敗戦後、連合国が日本の指導者の責任、戦争犯罪を追及する中で、戦争責任という言葉が急速に広まりました。誰が誰に対し、どのような戦争の責任があるのか。責任を負う主体と相手とによってさまざまな戦争責任が考えられてきました
1945年8月28日には東久邇稔彦首相が「一億総懺悔」を説いています。敗戦は政府の政策もよくなかったが、国民の道義がすたれたのも原因であるから、軍官民、国民全体が徹底的に反省し懺悔しなければならないと述べています。12月には第八十九回帝国議会が「戦争責任に関する決議」を行っています。軍閥官僚が指導した戦争に従った政界財界思想界の責任は免れない。議員も静かに過去の行いを反省し、深く自粛自戒して新日本建設に邁進しなければならないというものでした。誰がどのような責任をとるのかはっきりしない「決議」で、議会も解散していません。一方、12月8日、再建された共産党など5団体が中心になって神田の共立講堂で「戦争犯罪人追及人民大会」を開きました。そこで天皇を含む戦争指導者など1000人以 上の戦犯名簿を発表しましたが、その後の「追及」は進みませんでした。
GHQは占領直後から戦争犯罪人容疑者の逮捕を進めていました。1946年4月29日、連合国11か国が開く極東国際軍事裁判(いわゆる東京裁判)の法廷に28人の起訴状を提出し、5月3日には法廷が開かれました。また、横浜を含むアジア各地でも連合国が法廷を開き、日本の戦争犯罪を追及しました。

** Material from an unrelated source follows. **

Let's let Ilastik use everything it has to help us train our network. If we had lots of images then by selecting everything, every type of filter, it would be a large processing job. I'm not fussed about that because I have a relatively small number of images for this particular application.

このように敗戦直後から天皇はじめ国家指導者などの責任が問われてきましたが、その後、戦争に協力した国民の責任や他国や他民族を侵略した「国際的責任」も取り上げられてきました。石田雄「戦争責任論50年の変遷と今日的課題」(『記憶と忘却の政治学』明石書店 2000年)は、市民運動の立場から戦後日本の戦争責任の動向をわかりやすくまとめています。

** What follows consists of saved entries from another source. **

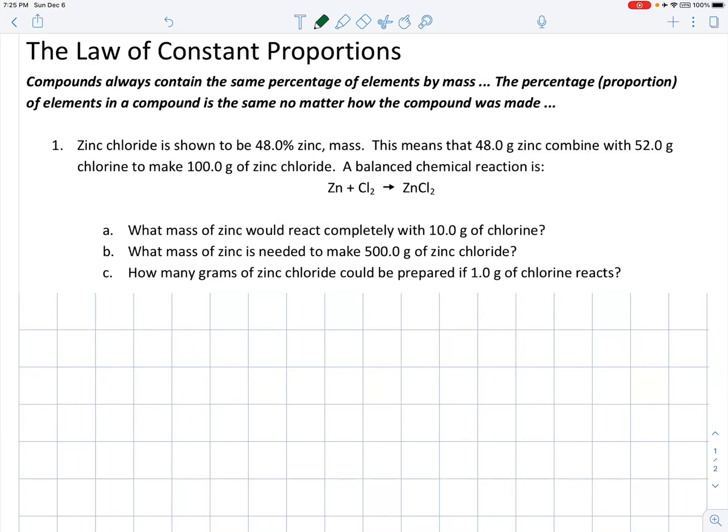In this video, we'll look at the law of constant proportions in the fifth unit for grade 9 advanced science. We were introduced to this concept in our very first experiment in the unit, the electrolysis of water. In that experiment, we found that if you decompose 9 grams of water, you would always get 8 grams of oxygen for every 1 gram of hydrogen. That illustrates the law of constant proportions: compounds like water always contain the same percentage or proportion or fraction of their elements by mass.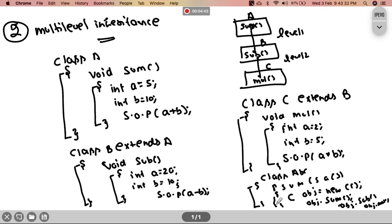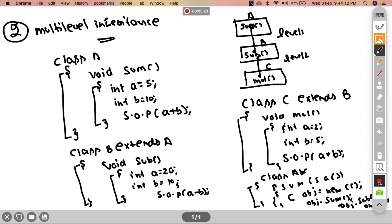This is quite simple. In multi-level inheritance, C class object equals new C, then obj.sum and obj.mul are called. This is multi-level inheritance. I hope you understood this video. Next we will talk about the third level of inheritance. Please like the video. Thank you for watching at Kanish Coders.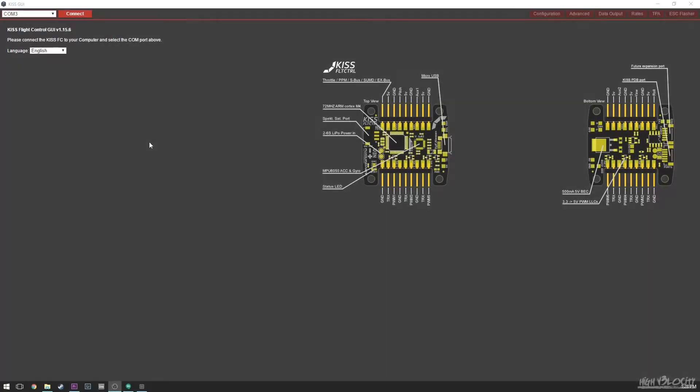You could have the exact same quadcopter, but when you were running slower rates everything was great, but then you stepped up to faster rates and now all of a sudden you're starting to have weird issues and oscillations. I'm going to go over all that stuff. We're just going to hop on over to the GUI and talk about PIDs. So here we are in the KISS GUI.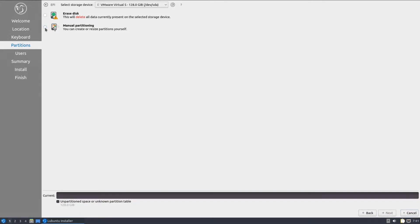We are having a 128 gigabytes of blank disk for this Lubuntu installation. Choose manual partitioning to do the Linux partitions manually.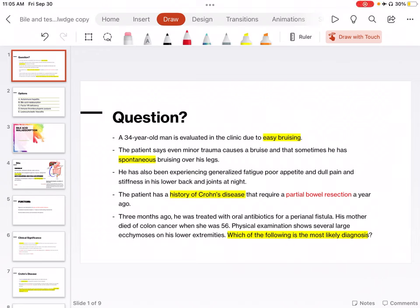Hello, everyone. Welcome back. Today, we are going to start from a different format. We will cover a question first, and to figure out the answer, we will go through the topic. This way of learning helps when you are preparing for a standardized exam where you have to deal with lots of scenario-based questions. So, let's begin.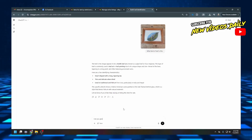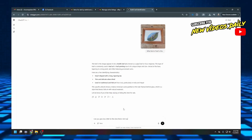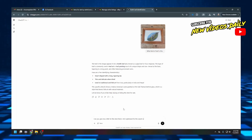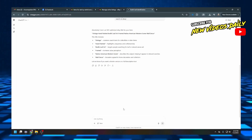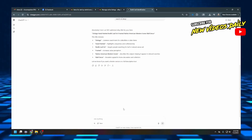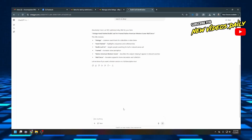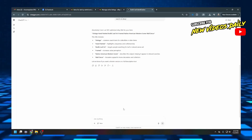Now I'm going to ask: can you give me a title for this item that is SEO optimized for search on eBay? It comes up with: 'Vintage Hand-Painted Bodhi Leaf Art Framed Native American Western Scene Wall Decor.' It breaks down what's included — 'Vintage' as a common search term for collectible or older items; 'Hand-Painted' highlights uniqueness and craftsmanship; 'Bodhi Leaf Art' targets people searching for leaf or natural canvas art; 'Framed' increases value perception; 'Native American Western Scene' describes the subject helping it appear in relevant searches; and 'Wall Decor' broadens appeal to home decorators and collectors.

大学、宗教界では、1995年6月に明治学院大学が「戦争責任・戦後責任の告白」をだしています。日本基督教団など教会も戦争責任を表明しています。仏教界も戦争協力を告白し、戦争責任を反省する声明文などをだしています。戦後70年、ジャ-ナリスト、法曹界、研究者などの戦争協力を明らかにし、戦争責任を問う研究が行われてきました。(内海愛子)
参考文献
家永三郎『戦争責任』岩波現代文庫 2002年。
荒井信一『戦争責任論』岩波現代文庫 2005年。
纐纈厚『私たちの戦争責任』凱風社 2009年。